Success! The fogger works as good as new. I got a few more pix of the innards that I'll post as soon as I get the time. The most difficult part was getting the insulation re-wrapped around the heater block. The original teflon tape is really delicate stuff and I had to use some 1/2" thread tape to finish the wrapping. There are not a lot of parts and connections in this machine; it's very much a brute force design.
The gunk was pretty much dissolved in the alcohol when I blew it out of the block, so I don't know just how much of the stuff was in there. I assume it was crusty old fog juice. I don't know what's the best way to store these things - I always left the juice in this machine and it worked fine for 8 years. Maybe a better method would be to pull them out 2-3 times a year and run a few cycles? There are a lot of opinions on this topic; there doesn't seem to be a one-size-fits-all solution.


----------



## heresjohnny (Feb 15, 2006)

Sweet! Wish I had known this a few years ago for my 700W machine.


----------



## Otaku (Dec 3, 2004)

I think the reason this worked is that I was able to blow alcohol through the block. You can't do that when the fogger is hot, obviously. Using vinegar (acetic acid) is good for dissolving hard water deposits, but I checked on glycerin and glycol compounds and they're mainly miscible in water and ethanol. That's likely why the 70% IPA worked so well.

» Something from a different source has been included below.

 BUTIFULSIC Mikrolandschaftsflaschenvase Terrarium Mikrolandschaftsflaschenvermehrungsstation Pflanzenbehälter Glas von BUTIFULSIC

OK, for those who don't want to tear apart their foggers, this cleaning may be able to be done with the block in place. Just remove the inlet pipe from the pump and the block. Use a syringe and some plastic tubing (1/8" ID) and inject alcohol into the block inlet port. Stand the fogger on end with the block outlet pointing down. Let it sit for several minutes, then try to blow out the alcohol. Keep doing this until the clog dissolves, then repeat the process a few more times. Keep adding alcohol to the inlet as it drains out through the outlet port. Be generous with the compressed air.

Warning: Be sure to blow the block completely dry before re-assembling. You don't want anything flammable in the block when it heats up. I take no responsibility for foggers exploding due to alcohol left in the heat exchangers.


----------



## Otaku (Dec 3, 2004)

I posted a few more pics here:

http://www.hauntforum.com/album.php?albumid=731

As mentioned, the re-wrappng of the block was a pain and as you can see I didn't do nearly as good a job as the manufacturer. I think they must have a tape dispensing system that keeps the teflon tape nice and straight. But since the idea is to keep the heat in the block and not let it melt the fogger case, this seems to work. If anyone has questions about this repair, just let me know.


----------



## Frighteners Entertainment (Jan 24, 2006)

Awesome job Gary!!
Thanks for posting!!


----------